## [Prompt]
Please copy out the entries below exactly, beginning with the line that contains "Abstract Round Area" and ending with the line that contains "3000 PCS Artificial", and include nothing outside that span.

## [Given records]
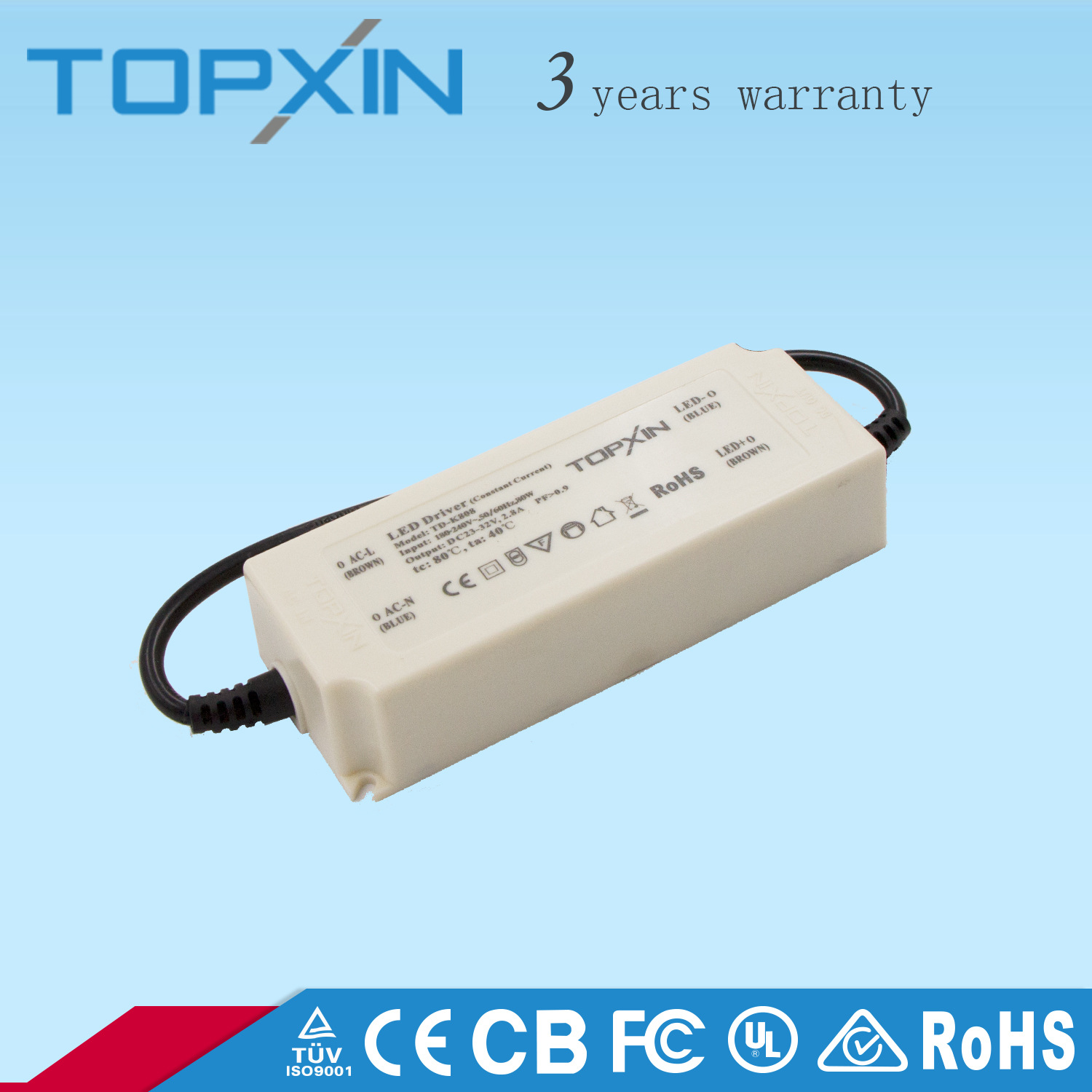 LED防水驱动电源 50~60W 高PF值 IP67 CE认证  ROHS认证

---

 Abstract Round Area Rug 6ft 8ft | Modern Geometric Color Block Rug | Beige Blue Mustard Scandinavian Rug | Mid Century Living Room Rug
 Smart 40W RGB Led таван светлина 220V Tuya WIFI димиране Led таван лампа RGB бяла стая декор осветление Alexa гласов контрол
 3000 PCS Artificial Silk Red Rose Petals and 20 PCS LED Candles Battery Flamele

## [Expected answer]
 Abstract Round Area Rug 6ft 8ft | Modern Geometric Color Block Rug | Beige Blue Mustard Scandinavian Rug | Mid Century Living Room Rug
 Smart 40W RGB Led таван светлина 220V Tuya WIFI димиране Led таван лампа RGB бяла стая декор осветление Alexa гласов контрол
 3000 PCS Artificial Silk Red Rose Petals and 20 PCS LED Candles Battery Flamele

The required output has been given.